BRIEF: Go through the records below and tally the lines that include "Half". Answer with the number only.

----------

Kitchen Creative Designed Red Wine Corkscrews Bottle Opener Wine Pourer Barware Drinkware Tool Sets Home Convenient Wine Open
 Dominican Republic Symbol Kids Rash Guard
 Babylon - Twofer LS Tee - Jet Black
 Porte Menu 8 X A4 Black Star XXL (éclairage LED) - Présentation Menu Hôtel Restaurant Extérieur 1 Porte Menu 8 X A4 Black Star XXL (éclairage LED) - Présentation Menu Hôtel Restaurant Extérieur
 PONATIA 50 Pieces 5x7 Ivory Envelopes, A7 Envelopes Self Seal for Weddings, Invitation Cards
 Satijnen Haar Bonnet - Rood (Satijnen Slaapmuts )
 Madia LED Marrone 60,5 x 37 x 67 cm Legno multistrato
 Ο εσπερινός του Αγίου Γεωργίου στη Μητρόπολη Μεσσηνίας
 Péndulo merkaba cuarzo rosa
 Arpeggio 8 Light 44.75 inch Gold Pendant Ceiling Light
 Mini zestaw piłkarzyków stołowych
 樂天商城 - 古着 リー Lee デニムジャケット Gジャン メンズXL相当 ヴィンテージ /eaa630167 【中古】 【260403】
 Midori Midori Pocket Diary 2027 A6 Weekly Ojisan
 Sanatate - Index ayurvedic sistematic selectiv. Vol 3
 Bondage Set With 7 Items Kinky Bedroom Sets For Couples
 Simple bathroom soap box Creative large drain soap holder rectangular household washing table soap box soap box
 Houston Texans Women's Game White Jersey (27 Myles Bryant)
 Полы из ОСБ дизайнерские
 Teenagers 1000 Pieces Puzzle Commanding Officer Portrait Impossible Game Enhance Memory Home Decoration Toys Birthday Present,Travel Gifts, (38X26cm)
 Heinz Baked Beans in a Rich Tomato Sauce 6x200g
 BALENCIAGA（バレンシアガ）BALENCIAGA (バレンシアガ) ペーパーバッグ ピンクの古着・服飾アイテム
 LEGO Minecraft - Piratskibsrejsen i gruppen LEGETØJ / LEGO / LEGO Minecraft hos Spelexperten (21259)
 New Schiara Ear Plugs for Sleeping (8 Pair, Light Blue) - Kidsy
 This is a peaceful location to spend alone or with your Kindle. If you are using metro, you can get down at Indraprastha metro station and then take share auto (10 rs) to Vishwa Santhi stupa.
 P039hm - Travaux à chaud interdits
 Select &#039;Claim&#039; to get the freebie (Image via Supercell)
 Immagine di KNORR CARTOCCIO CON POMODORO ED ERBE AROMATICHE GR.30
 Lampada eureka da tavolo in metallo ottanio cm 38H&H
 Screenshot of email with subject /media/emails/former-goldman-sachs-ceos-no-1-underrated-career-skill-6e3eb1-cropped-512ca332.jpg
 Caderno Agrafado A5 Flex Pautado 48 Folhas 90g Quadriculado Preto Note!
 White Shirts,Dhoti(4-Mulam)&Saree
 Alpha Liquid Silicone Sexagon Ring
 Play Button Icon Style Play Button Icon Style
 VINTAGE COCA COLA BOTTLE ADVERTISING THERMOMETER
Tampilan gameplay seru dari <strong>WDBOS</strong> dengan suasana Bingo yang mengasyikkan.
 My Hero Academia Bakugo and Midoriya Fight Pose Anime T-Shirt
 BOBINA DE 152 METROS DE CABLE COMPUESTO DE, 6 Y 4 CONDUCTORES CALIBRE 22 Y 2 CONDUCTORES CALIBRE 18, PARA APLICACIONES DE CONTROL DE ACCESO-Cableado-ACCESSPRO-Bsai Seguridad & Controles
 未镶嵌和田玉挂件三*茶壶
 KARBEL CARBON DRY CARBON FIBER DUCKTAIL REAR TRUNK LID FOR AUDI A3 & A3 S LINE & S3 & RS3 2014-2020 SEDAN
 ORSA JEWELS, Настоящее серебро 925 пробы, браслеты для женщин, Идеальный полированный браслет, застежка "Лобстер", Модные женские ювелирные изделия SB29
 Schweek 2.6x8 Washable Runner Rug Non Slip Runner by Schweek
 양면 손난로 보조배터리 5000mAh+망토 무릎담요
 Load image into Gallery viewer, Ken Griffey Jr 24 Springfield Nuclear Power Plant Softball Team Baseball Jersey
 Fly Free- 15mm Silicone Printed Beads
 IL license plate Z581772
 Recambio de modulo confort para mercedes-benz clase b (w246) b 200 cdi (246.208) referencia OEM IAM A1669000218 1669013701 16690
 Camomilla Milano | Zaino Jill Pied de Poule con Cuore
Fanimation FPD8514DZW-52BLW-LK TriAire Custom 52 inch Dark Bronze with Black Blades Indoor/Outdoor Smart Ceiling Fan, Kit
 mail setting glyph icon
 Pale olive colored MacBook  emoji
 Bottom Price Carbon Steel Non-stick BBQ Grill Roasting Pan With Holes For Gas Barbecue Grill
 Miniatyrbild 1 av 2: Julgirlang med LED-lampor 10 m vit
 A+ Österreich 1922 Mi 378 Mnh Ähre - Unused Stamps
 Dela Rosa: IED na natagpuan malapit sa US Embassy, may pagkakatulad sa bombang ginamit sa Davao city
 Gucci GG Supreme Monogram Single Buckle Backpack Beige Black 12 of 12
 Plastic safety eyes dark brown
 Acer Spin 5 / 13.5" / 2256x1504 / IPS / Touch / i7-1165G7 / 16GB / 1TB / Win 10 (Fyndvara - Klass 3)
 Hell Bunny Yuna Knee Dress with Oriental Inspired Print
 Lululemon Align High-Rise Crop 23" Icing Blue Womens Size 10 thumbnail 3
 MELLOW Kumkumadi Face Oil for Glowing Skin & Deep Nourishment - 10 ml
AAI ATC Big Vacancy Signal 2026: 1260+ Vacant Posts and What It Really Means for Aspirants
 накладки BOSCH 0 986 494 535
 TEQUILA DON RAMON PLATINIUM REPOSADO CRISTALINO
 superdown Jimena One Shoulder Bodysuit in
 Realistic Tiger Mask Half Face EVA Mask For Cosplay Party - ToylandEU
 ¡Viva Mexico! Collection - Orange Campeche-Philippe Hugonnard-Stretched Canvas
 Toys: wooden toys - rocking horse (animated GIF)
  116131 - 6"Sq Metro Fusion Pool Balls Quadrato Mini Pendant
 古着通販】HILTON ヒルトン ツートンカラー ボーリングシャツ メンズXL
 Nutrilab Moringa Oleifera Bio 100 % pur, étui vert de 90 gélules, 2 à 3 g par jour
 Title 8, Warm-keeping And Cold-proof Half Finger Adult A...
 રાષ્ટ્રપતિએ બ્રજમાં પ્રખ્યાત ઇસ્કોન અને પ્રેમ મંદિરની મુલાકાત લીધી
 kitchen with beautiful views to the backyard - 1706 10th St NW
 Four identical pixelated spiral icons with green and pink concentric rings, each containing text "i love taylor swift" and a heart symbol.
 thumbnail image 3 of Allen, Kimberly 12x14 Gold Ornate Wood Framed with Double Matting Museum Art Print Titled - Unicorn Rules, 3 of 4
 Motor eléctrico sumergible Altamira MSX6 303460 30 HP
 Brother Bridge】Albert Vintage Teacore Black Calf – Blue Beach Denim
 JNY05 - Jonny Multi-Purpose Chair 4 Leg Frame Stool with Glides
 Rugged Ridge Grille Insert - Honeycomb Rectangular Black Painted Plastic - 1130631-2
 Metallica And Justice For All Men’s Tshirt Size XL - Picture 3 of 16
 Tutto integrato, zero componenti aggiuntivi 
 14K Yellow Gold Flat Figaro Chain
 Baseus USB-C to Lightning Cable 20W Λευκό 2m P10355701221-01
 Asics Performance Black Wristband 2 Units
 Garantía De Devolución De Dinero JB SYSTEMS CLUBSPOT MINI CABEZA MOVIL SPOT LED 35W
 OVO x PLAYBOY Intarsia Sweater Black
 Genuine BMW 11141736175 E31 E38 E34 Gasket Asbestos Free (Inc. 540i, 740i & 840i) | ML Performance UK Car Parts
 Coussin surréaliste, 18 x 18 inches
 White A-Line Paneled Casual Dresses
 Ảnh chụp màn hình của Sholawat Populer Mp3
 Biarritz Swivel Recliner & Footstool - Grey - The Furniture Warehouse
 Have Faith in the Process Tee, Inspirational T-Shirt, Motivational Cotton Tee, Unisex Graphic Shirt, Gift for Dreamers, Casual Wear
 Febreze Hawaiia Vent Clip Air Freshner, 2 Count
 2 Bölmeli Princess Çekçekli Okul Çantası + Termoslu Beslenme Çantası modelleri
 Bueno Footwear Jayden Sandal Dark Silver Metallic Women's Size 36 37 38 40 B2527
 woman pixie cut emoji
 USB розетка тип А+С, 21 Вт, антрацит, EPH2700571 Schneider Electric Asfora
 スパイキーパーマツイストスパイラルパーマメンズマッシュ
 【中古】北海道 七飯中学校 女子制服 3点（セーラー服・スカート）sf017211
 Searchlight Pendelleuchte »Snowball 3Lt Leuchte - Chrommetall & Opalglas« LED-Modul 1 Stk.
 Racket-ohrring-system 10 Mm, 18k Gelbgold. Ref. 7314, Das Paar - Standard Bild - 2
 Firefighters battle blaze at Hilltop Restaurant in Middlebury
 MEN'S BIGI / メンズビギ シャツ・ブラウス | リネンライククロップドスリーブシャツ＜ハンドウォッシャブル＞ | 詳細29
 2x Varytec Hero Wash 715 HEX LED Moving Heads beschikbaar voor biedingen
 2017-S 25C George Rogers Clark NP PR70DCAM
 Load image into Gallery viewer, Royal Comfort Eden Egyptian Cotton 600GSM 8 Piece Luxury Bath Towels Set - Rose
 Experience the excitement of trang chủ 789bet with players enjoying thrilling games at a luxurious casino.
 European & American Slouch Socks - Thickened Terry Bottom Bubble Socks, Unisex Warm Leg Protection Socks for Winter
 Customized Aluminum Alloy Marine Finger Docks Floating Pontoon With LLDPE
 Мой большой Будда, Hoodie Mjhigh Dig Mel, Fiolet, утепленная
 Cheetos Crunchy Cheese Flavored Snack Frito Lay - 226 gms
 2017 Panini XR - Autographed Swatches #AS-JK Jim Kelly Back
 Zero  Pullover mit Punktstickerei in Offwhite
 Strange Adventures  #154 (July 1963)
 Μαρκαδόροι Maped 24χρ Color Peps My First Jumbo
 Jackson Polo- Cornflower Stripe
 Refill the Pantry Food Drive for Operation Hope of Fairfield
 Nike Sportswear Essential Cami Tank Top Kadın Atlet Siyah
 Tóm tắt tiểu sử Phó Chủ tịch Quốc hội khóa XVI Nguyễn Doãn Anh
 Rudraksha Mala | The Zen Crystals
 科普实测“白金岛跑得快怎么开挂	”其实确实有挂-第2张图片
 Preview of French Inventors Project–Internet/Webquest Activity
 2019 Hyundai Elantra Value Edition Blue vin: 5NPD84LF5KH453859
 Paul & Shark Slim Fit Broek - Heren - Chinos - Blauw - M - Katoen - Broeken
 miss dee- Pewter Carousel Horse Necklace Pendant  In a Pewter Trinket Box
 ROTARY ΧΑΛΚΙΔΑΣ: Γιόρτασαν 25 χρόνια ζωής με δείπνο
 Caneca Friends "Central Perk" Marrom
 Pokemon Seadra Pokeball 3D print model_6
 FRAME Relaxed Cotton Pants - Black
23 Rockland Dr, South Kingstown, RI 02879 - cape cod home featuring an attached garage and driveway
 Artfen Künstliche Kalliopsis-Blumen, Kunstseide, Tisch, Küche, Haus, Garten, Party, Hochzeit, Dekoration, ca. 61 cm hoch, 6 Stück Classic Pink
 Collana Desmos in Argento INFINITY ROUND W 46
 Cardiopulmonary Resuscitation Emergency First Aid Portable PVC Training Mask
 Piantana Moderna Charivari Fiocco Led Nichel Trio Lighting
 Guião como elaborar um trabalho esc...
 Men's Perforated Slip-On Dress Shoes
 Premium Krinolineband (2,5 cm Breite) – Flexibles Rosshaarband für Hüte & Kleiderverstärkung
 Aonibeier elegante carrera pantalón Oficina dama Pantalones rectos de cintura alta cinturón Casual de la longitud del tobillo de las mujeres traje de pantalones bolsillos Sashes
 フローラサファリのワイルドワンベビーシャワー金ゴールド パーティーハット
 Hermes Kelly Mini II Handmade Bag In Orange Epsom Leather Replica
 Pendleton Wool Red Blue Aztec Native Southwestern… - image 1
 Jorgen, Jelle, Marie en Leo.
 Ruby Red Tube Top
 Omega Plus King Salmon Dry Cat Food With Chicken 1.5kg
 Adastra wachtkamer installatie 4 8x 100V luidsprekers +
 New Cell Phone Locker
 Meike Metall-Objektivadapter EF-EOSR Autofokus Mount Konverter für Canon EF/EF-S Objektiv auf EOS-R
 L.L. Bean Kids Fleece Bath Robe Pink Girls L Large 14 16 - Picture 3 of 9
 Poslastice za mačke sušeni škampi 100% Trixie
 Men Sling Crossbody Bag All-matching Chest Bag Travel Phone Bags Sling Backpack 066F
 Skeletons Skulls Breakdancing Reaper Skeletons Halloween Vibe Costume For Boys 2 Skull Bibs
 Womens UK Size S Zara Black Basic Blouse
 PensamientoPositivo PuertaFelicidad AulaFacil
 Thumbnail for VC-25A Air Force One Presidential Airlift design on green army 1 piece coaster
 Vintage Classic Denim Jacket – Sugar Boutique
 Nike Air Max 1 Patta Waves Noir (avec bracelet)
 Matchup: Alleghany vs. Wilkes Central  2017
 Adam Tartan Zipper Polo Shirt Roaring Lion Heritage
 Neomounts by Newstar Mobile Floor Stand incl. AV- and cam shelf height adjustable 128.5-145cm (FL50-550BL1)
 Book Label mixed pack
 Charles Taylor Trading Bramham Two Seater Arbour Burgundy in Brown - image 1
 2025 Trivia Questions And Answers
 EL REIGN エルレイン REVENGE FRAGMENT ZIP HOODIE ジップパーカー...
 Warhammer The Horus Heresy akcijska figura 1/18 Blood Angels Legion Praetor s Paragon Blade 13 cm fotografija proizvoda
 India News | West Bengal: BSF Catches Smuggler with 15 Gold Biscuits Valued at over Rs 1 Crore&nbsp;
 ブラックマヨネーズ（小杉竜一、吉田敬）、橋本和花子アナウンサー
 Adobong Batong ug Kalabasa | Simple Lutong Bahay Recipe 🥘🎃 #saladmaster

----------

WRITTEN REPLY: 2